JP Morgan/Fujitsu's eighth Australian Mortgage Industry Report also says that the number of households suffering mortgage stress will rise to one million in 2009 from 800,000 this year.
Mortgage stress usually occurs when homebuyers pay more than 35 per cent of their income as loan repayments.
The report, released today, was compiled before yesterday's one percentage point drop in the overnight cash rates by the Reserve Bank of Australia, of which the major bank's passed on 80 per cent of the cut.
However, the report says the banks' repricing of home loans outside of the RBA's decisions on the official cash rate could lead to housing lending growth continuing to decelerate.
"System housing growth has contracted from a peak three month annualised growth rate of 23.4 per cent in November 2003 to 6.0 per cent in August 2008," JPMorgan's banking analyst Brian Johnson said.
"This rate of growth deceleration has been at its greatest most recently, reflecting households' cautious assessment of the prospects for the domestic economy.
"Loan volume growth has slowed dramatically, and in the absence of construction activity house prices are the biggest driver of growth," Mr Johnson said.
"And that growth has slowed dramatically - we're beginning to see what I would call credit rationing in mortgage lending in Australia.
"The big banks have a competitive advantage - by that I mean AA rated banks - because securitisation markets are still open, but they are open at rates that are prohibitively above the rate you would use to write the loan."

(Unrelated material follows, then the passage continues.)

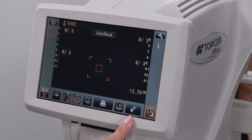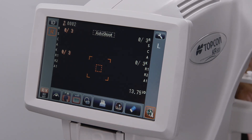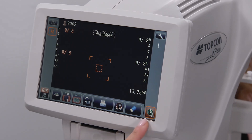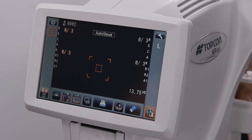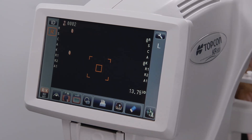The eraser icon deletes all of the data that was acquired on the previous patient. The alignment icon allows the operator to switch between automatic and manual modes. In manual mode, the device will not automatically capture measurements; instead, the operator will need to press the joystick button after aligning the eye.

The report found the big four banks - National Australia Bank, ANZ, Westpac and Commonwealth, account for between 65 and 70 per ent of the mortgage market, with the smaller banks taking the banking sectors's total share to 90 per cent.
Fujitsu Consulting director Martin North said housing affordability in Australia was as bad as it had ever been.
"Prices are still fairly stretched .... the cost of living has gone up and people's disposable income has actually slipped backwards," Mr North said.
"In the US, housing delinquencies (those behind in their repayments) are about six per cent, in the UK it's about 2.5 per cent, and in Australia it's about 1 per cent - which is still relatively low but it is rising."
Mr North said a major driver in mortgagors refinancing their home loans was their paying down other debt - including credit cards.
"In Australia, some 80 per cent of mortgage loans are done at variable rates," Mr Johnson said.
"The liquidity at the short end of the market is as tight as it's ever been, the cost of funding is not a pretty picture and even the cost of retail deposits has gone up.
"What the banks are doing is slowing their volume growth and the other thing they're doing is repricing their existing loans."